__Problem statement__.
Using the data below, transcribe exactly everything from the line that contains "Bar seating for" down to the line that contains "Plånbok - Riktigt". Include both of those lines and none of the pictures.

__Dataset__.
******************************

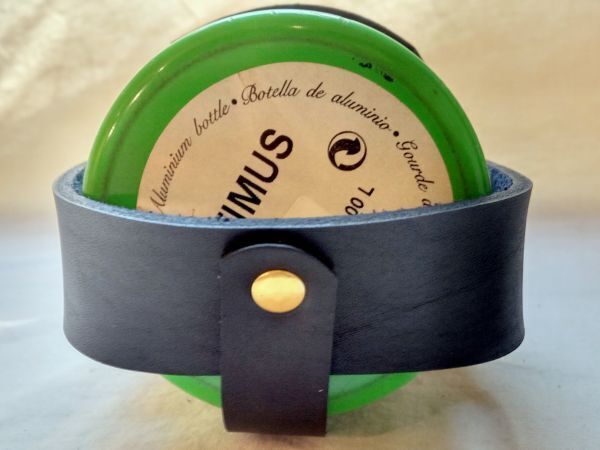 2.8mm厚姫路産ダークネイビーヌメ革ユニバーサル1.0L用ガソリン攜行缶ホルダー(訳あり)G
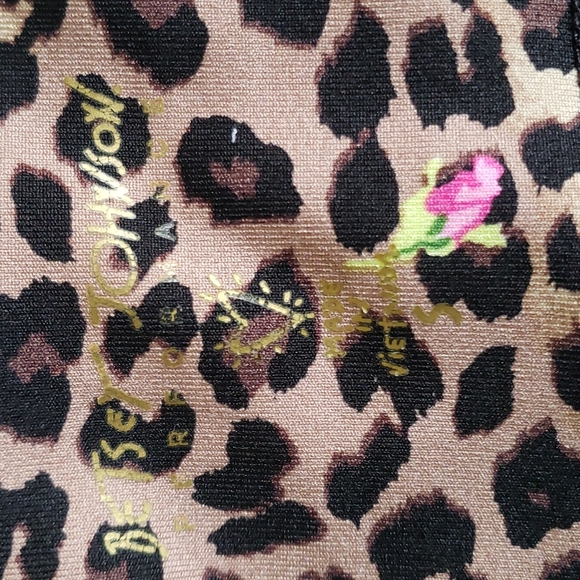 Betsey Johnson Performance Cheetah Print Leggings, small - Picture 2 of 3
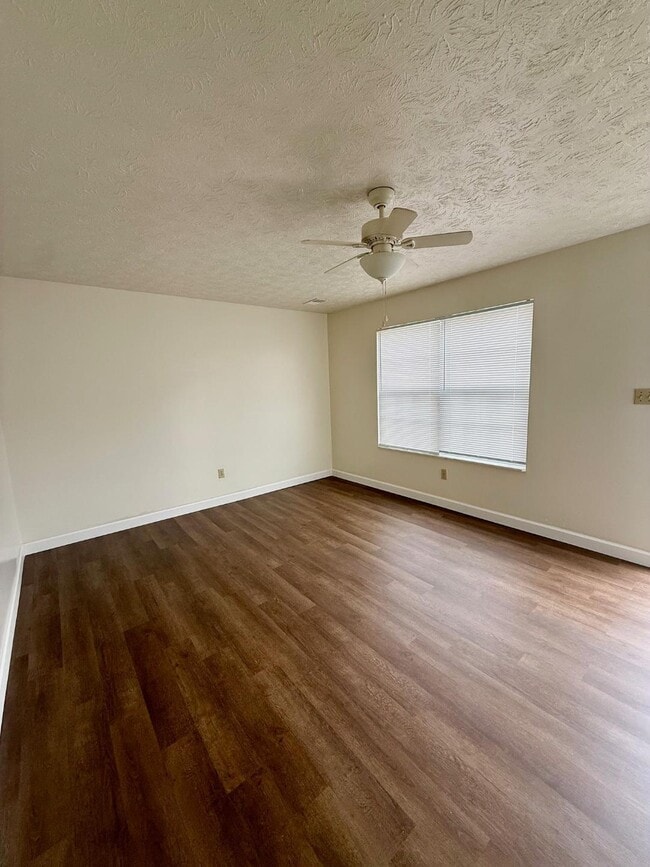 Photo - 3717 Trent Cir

******************************

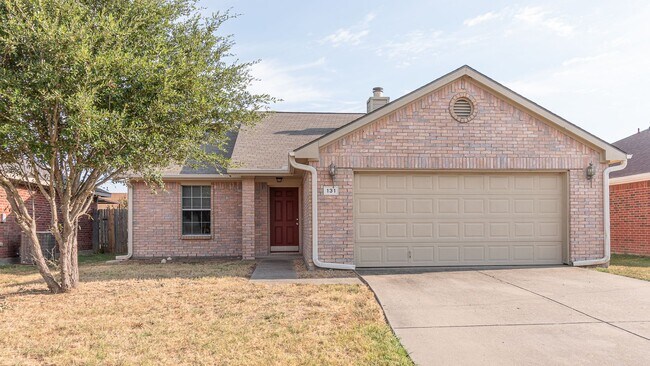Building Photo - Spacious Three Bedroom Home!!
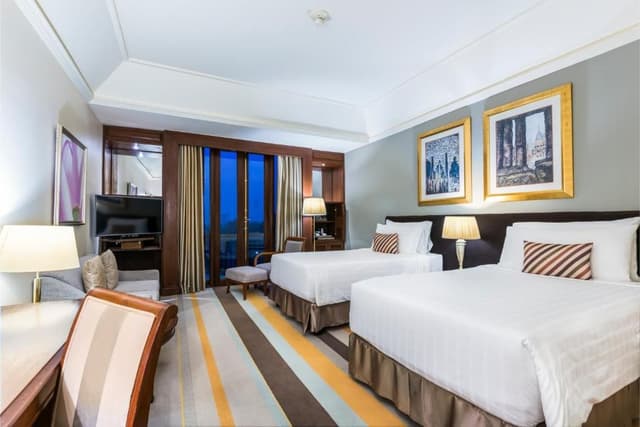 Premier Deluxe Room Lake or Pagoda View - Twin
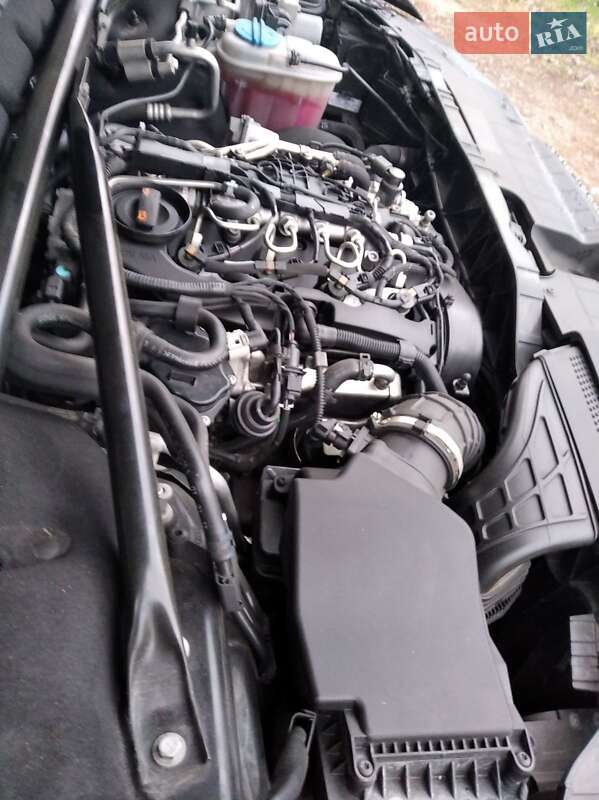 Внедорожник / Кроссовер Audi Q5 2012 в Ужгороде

******************************

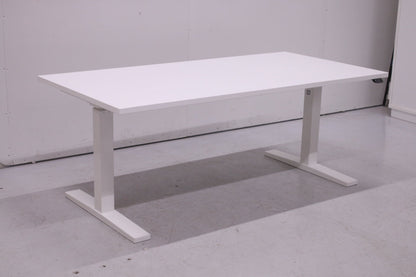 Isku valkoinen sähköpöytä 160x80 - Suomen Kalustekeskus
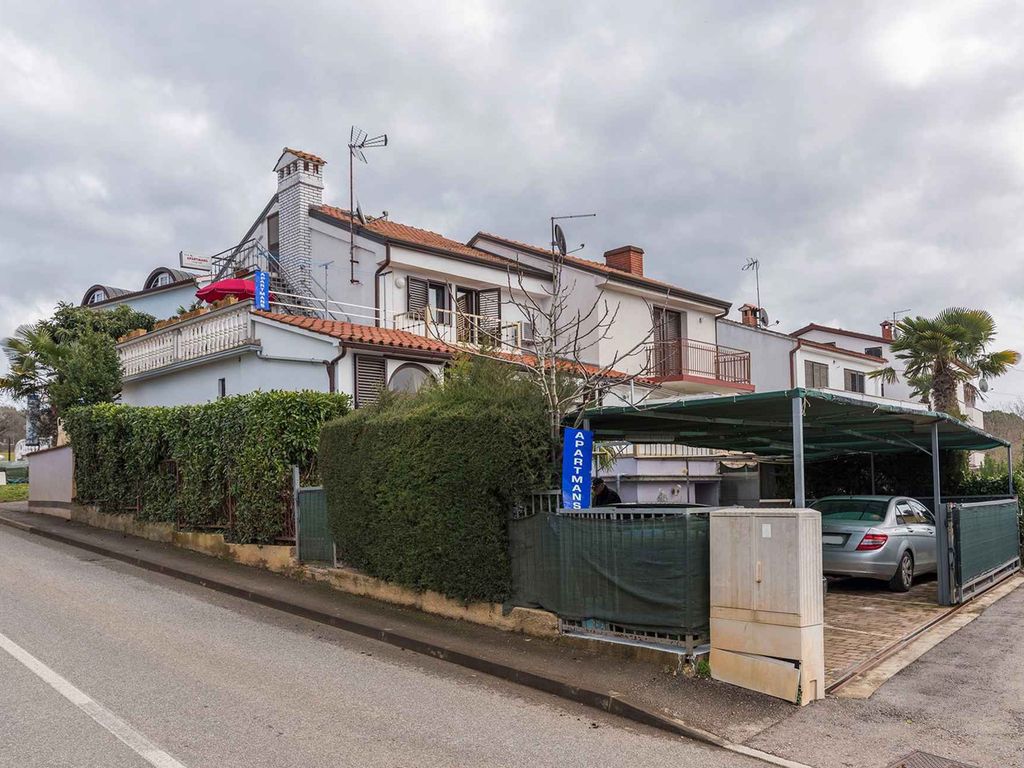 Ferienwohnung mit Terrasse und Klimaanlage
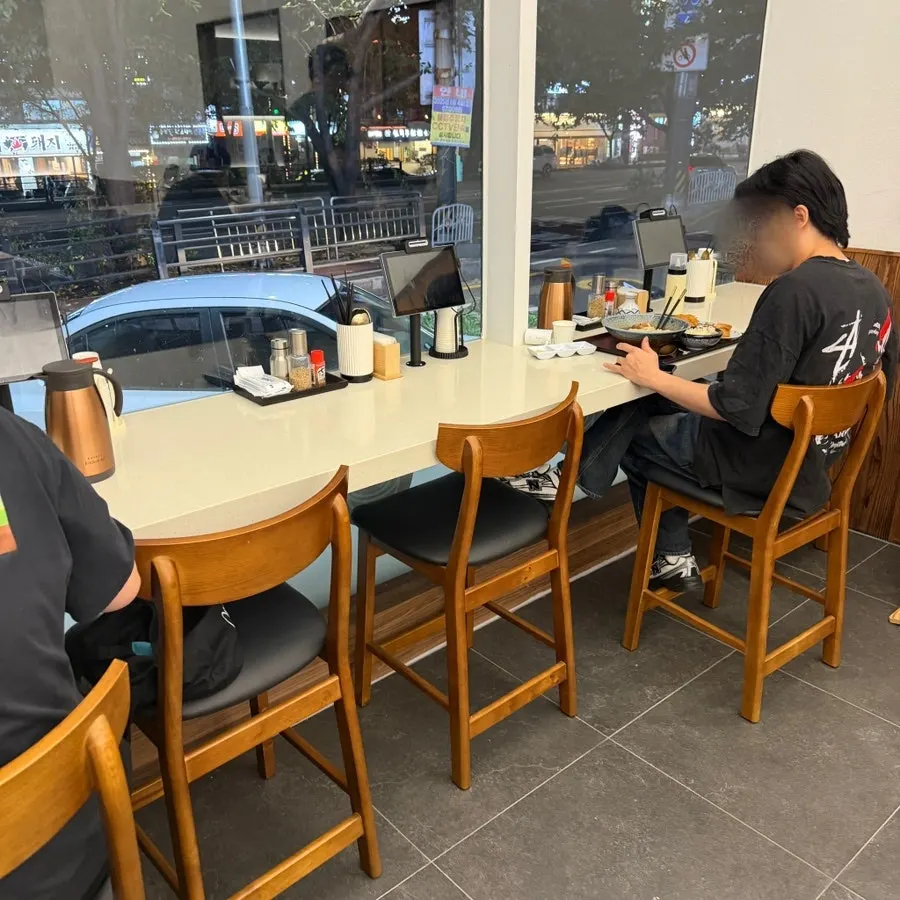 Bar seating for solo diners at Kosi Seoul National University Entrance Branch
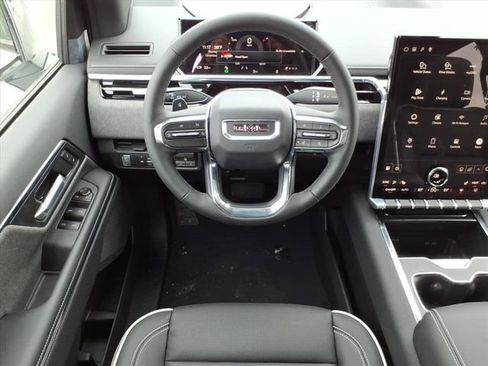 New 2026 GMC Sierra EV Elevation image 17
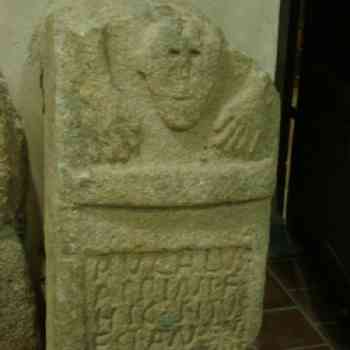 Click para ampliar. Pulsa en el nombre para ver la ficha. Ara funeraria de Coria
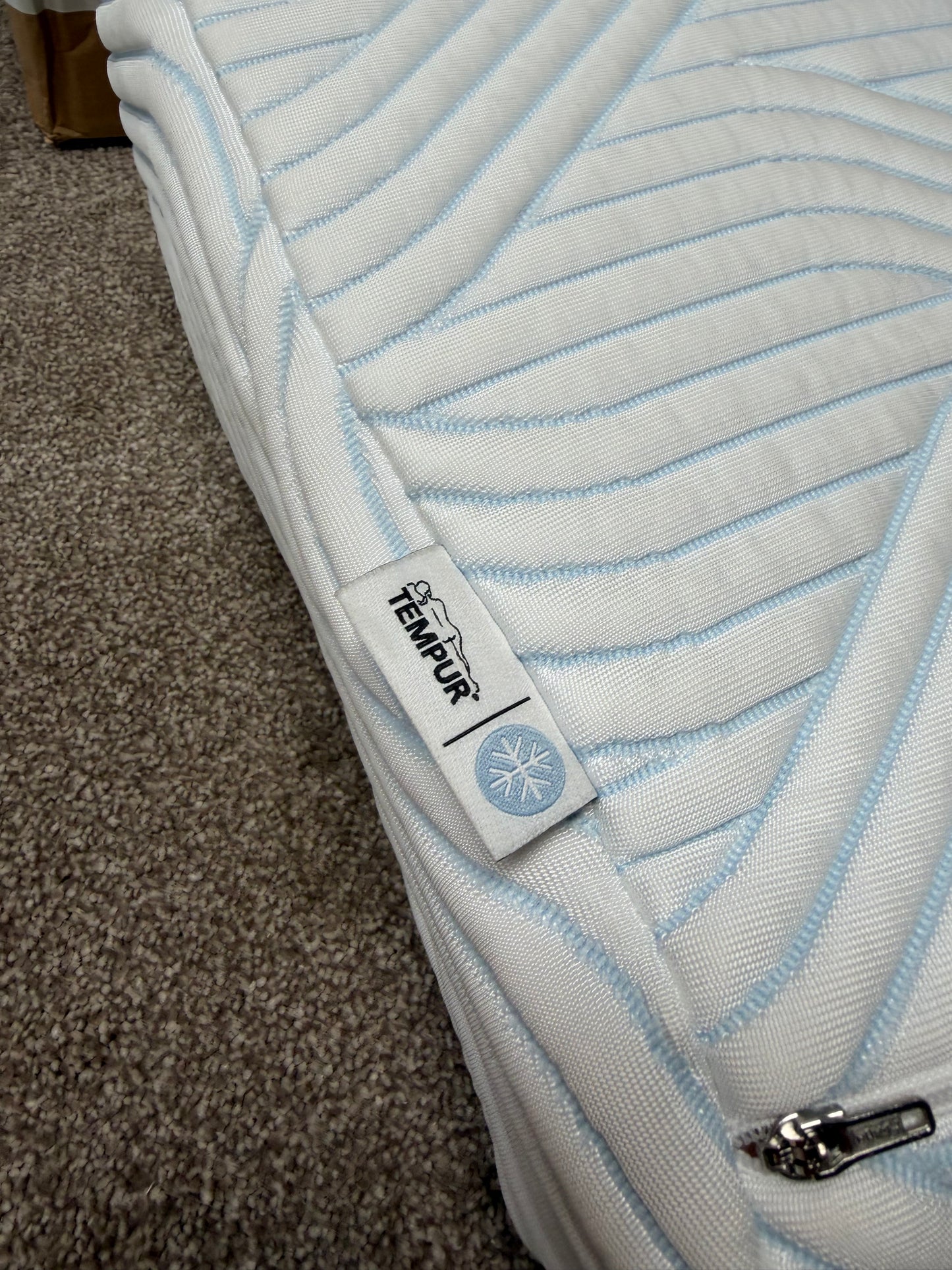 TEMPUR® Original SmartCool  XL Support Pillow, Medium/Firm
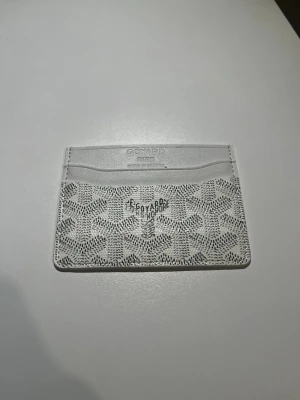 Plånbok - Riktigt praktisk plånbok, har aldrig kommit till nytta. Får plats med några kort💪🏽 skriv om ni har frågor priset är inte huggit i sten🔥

******************************

__Your response__.
 Bar seating for solo diners at Kosi Seoul National University Entrance Branch
 New 2026 GMC Sierra EV Elevation image 17
 Click para ampliar. Pulsa en el nombre para ver la ficha. Ara funeraria de Coria
 TEMPUR® Original SmartCool  XL Support Pillow, Medium/Firm
 Plånbok - Riktigt praktisk plånbok, har aldrig kommit till nytta. Får plats med några kort💪🏽 skriv om ni har frågor priset är inte huggit i sten🔥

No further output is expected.